From Newsgroup: alt.comp.os.windows-11
T <
T@invalid.invalid> wrote:
W11-25H2 V2
I was working a a task that a customer wanted run
from the Task Scheduler. Every time I tested
is said "running". It should have exited almost
instantly.
I tore my hair out trying to figure out why is never
exited. Turns out, all I had to do was press "F5"
to refresh the Task Scheduler screen. My code way
fine!
After running a scheduled task, Task Scheduler does not automatically
refresh its display nor refresh when status of a task changes. You run
a task, refresh, and then check status.
menu: Action -> Refresh
Actions panel -> Refresh
F5 also works.
Commands to services are asynchronous: Task Scheduler, or sc.exe, issue
the command, but there is no response from the service for the Task
Scheduler to trigger upon to know the service's state has changed.
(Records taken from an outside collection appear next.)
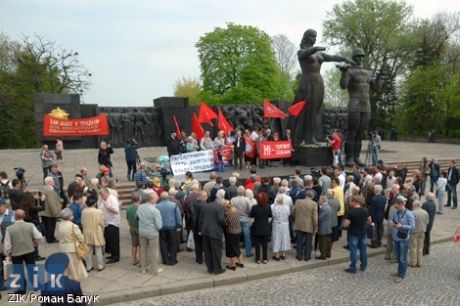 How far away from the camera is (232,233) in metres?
8.32

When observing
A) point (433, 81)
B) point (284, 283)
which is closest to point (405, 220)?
point (284, 283)

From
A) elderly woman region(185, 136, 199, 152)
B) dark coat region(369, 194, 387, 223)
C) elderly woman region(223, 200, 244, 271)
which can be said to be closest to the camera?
elderly woman region(223, 200, 244, 271)

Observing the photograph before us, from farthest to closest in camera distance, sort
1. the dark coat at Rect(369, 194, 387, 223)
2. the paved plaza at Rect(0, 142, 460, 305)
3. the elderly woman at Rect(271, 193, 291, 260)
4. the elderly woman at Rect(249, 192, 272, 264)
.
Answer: the dark coat at Rect(369, 194, 387, 223), the elderly woman at Rect(271, 193, 291, 260), the elderly woman at Rect(249, 192, 272, 264), the paved plaza at Rect(0, 142, 460, 305)

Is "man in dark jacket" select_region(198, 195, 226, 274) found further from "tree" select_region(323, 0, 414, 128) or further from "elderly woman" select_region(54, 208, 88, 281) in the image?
"tree" select_region(323, 0, 414, 128)

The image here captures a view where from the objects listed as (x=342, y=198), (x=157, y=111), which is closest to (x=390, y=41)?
(x=157, y=111)

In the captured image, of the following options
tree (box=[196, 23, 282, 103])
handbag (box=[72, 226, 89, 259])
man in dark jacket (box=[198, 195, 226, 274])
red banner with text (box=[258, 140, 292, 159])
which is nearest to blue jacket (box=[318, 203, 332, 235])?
man in dark jacket (box=[198, 195, 226, 274])

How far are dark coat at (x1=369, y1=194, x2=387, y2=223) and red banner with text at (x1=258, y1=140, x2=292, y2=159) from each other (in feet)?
24.1

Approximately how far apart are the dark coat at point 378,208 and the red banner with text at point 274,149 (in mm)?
7344

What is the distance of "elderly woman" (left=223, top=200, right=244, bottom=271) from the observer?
831cm

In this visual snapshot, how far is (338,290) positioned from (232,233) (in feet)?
7.09

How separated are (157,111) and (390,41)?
30163 millimetres

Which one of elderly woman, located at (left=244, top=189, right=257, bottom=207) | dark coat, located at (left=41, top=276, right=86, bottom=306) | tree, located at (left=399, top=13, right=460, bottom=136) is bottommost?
dark coat, located at (left=41, top=276, right=86, bottom=306)

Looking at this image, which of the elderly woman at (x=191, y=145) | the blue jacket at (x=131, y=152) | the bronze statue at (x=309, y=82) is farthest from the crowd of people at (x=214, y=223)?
the bronze statue at (x=309, y=82)

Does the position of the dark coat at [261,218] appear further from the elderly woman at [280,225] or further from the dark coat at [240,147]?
the dark coat at [240,147] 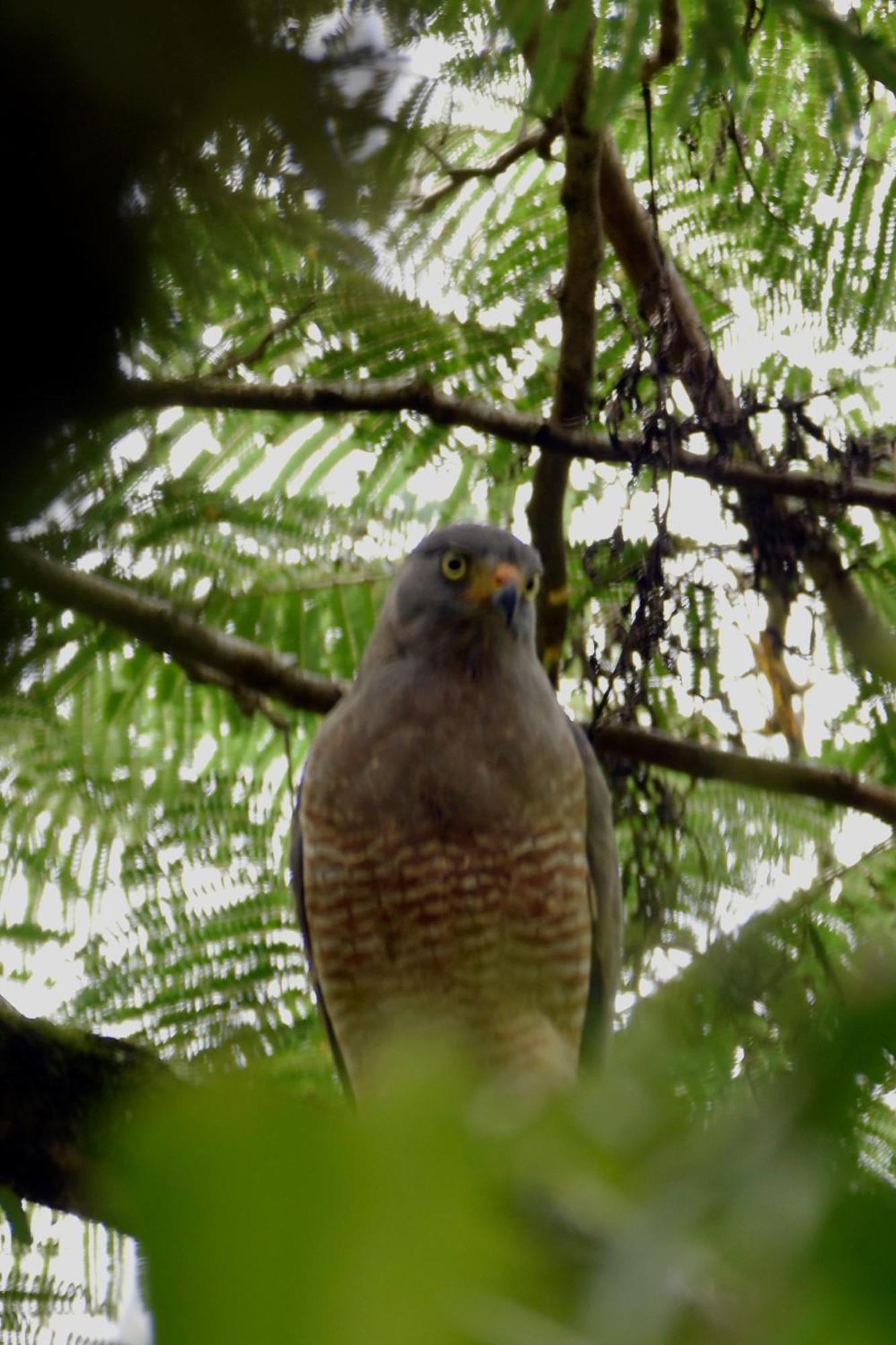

When
Task Scheduler issues a state change, it doesn't wait and report a state change, because service didn't report the state change hence Task
Scheduler (or sc.exe, the service controller) are asynchronous to the
effect of the commands they sent to the services. That's why you have
to be careful when bringing up some services that you do so in the
correct order, and refresh to see when the dependent services are ready.
The services do not issue a semaphore or signal when they've changed
state. The Task Manager won't know until it polls the service, and
that's done on a refresh.
Been that way for a very long time. Probably back through all NT-based versions of Windows. Commands are asychronous to the service state.